Also, the TAG_FOR_ARTICLE table in the database has a foreign key restraint on article_title, thus it is important to run the "Update Articles for RSS Feeds in Database" BEFORE running "Classify all New Articles and update tags in Database" because the INSERT statements into the TAG_FOR_ARTICLE table will fail if the article title does not exist in the ARTICLE table. 

##### Update Articles for RSS Feeds in Database

This cell will update the remote database with the new articles from the Import cell (cell 5). Note that this will not classify the articles, only add the Article object to the database "ARTICLE" table.

In [2]:
print("[+] Starting updates to database for all new articles...\n")

for feed in allFeeds: 
    if dbConn.addArticles(feed.articles): print(f"\tSuccessfully added articles for {feed.feed_title}.")
    else: print(f"\tThere was some error adding the articles for \"{feed.feed_title}\". Moving on.")

# Success message
print("\n[+] DONE: All articles were updated in the remote database.")


[+] Starting updates to database for all new articles...
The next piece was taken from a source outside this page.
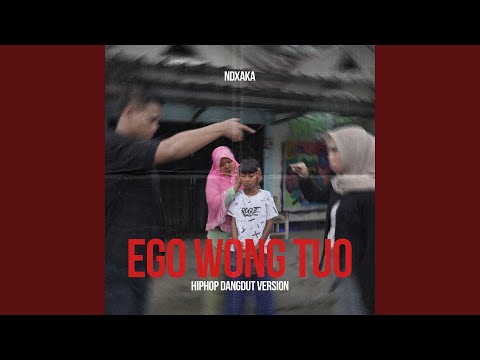 Ego Wong Tuo (HipHop Dangdut Version)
NOTICE: Articles added successfully.
	Successfully added articles for BleepingComputer.
NOTICE: Articles added successfully.
	Successfully added articles for Censys Global Reach.
NOTICE: Articles added successfully.
	Successfully added articles for Censys Director Blog.
NOTICE: Articles added successfully.
	Successfully added articles for Defense-gov Explore Feed.
NOTICE: Articles added successfully.
	Successfully added articles for MSRC Security Update Guide.
NOTICE: Articles added successfully.
	Successfully added articles for National Vulnerability Database.
NOTICE: Articles added successfully.
	Successfully added articles for NIST Cybersecurity and IT news and events.
NOTICE: Articles added successfully.
	Successfully added articles for United States Department of State.
NOTICE: Articles added successfully.
	Successfully added articles for Hacker News.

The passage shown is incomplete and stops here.